__DATASET CONTENT__
* * * * * * * * *

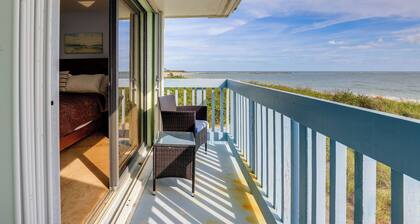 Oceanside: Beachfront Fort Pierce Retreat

* * * * * * * * *

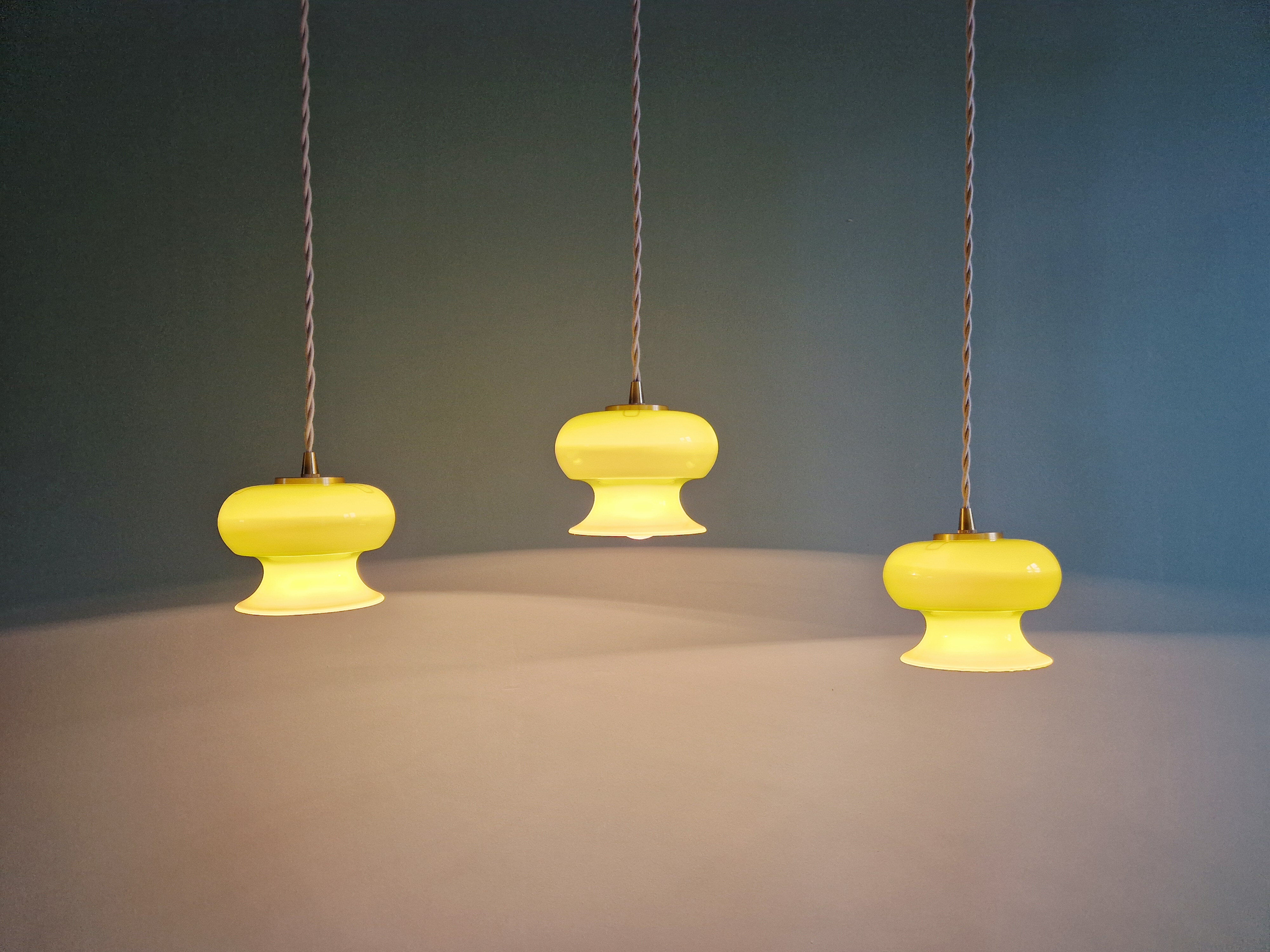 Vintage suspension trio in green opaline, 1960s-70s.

* * * * * * * * *

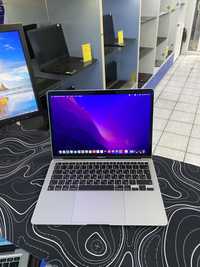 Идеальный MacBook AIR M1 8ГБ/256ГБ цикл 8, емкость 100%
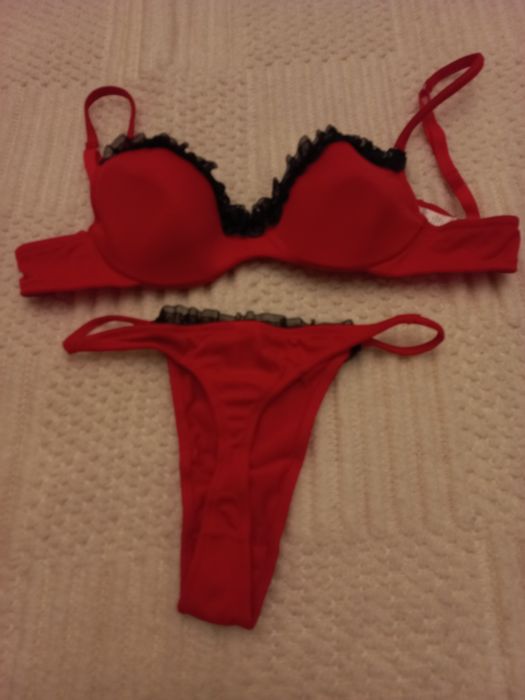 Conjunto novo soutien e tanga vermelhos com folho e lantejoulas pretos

* * * * * * * * *

__EXERCISE GOAL__
Reproduce the entries exactly, from the line with "Идеальный MacBook AIR" to the line with "Conjunto novo soutien", both lines included, keeping no pictures.

__RESPONSE AREA__
 Идеальный MacBook AIR M1 8ГБ/256ГБ цикл 8, емкость 100%
 Conjunto novo soutien e tanga vermelhos com folho e lantejoulas pretos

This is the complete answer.